** Opening Dataset extract block **

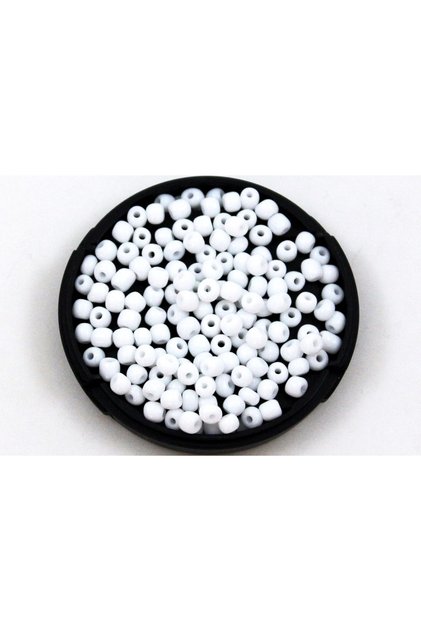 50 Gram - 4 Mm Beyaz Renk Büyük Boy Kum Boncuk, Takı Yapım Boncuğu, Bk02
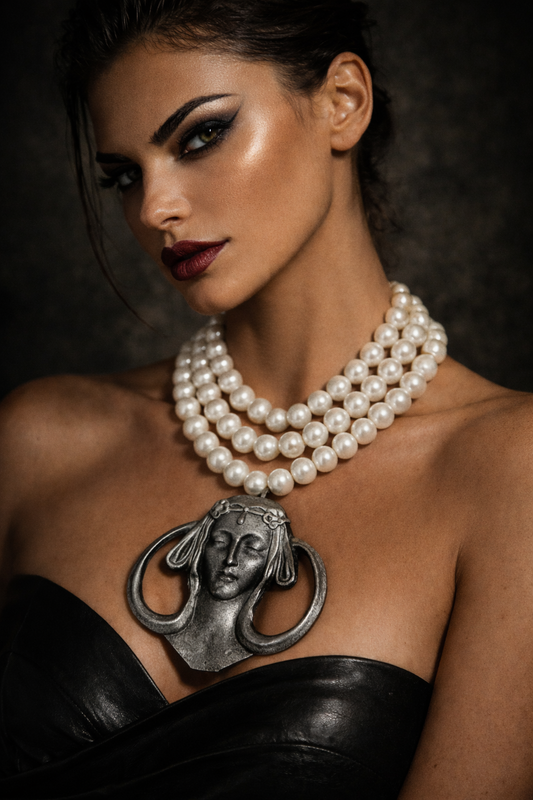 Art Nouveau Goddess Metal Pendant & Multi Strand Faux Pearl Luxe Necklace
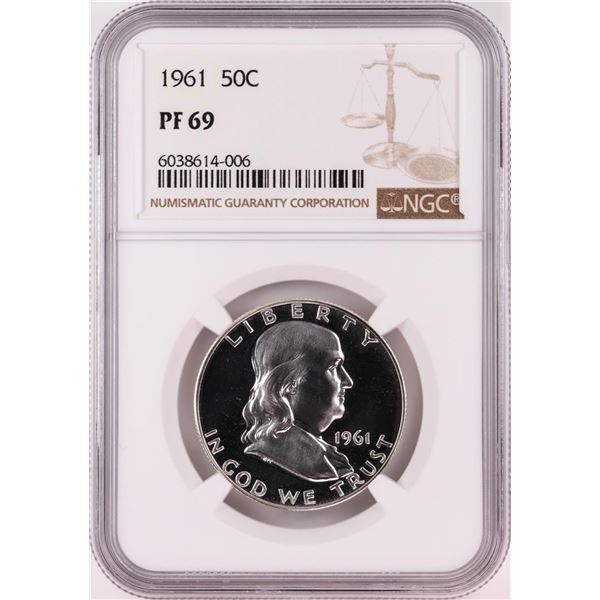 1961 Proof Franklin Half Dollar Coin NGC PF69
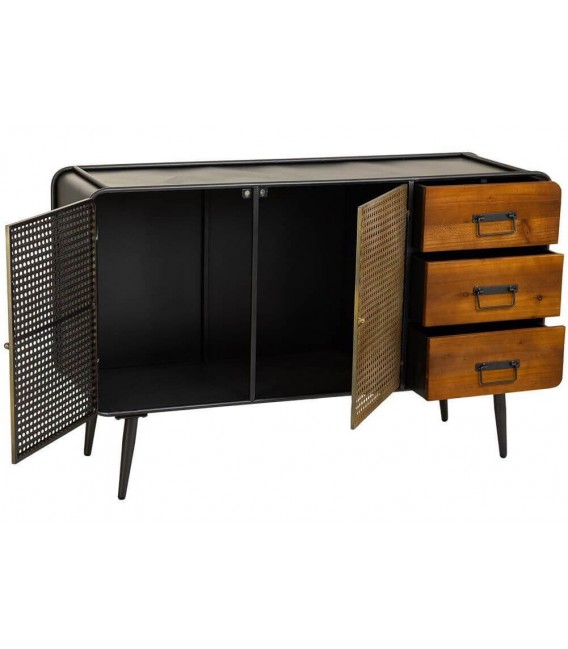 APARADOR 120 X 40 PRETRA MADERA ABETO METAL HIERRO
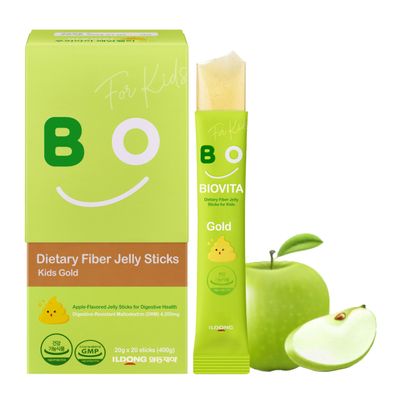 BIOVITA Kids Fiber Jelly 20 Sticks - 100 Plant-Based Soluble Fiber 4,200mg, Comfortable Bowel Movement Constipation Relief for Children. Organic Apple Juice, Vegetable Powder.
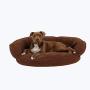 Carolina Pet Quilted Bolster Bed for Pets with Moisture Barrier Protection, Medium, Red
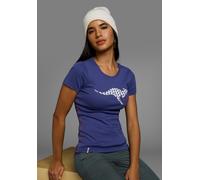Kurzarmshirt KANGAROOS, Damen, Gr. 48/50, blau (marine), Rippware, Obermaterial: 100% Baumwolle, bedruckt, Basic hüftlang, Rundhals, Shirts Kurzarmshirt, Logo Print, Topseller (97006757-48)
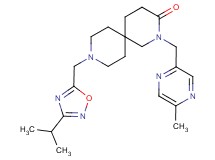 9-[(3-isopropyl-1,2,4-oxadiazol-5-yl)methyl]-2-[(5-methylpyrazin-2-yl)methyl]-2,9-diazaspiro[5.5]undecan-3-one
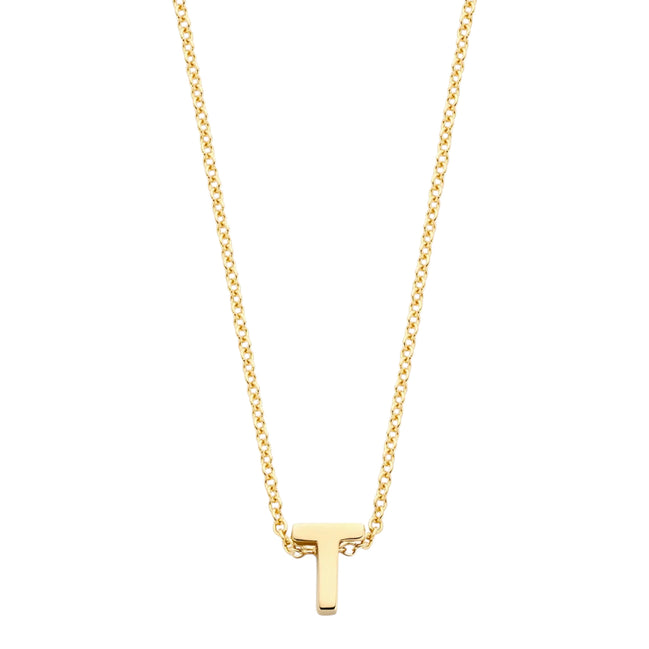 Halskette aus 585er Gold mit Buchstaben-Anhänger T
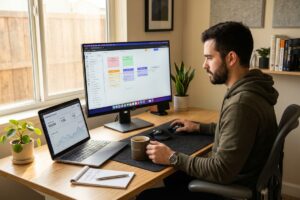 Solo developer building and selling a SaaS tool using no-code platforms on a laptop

** Closing Dataset extract block **

■ **Aim of the task**
Before writing out the material above, please remove its pictures; everything else stays exact.

■ **Result of this exercise**
 50 Gram - 4 Mm Beyaz Renk Büyük Boy Kum Boncuk, Takı Yapım Boncuğu, Bk02
 Art Nouveau Goddess Metal Pendant & Multi Strand Faux Pearl Luxe Necklace
 1961 Proof Franklin Half Dollar Coin NGC PF69
 APARADOR 120 X 40 PRETRA MADERA ABETO METAL HIERRO
 BIOVITA Kids Fiber Jelly 20 Sticks - 100 Plant-Based Soluble Fiber 4,200mg, Comfortable Bowel Movement Constipation Relief for Children. Organic Apple Juice, Vegetable Powder.
 Carolina Pet Quilted Bolster Bed for Pets with Moisture Barrier Protection, Medium, Red
Kurzarmshirt KANGAROOS, Damen, Gr. 48/50, blau (marine), Rippware, Obermaterial: 100% Baumwolle, bedruckt, Basic hüftlang, Rundhals, Shirts Kurzarmshirt, Logo Print, Topseller (97006757-48)
 9-[(3-isopropyl-1,2,4-oxadiazol-5-yl)methyl]-2-[(5-methylpyrazin-2-yl)methyl]-2,9-diazaspiro[5.5]undecan-3-one
 Halskette aus 585er Gold mit Buchstaben-Anhänger T
 Solo developer building and selling a SaaS tool using no-code platforms on a laptop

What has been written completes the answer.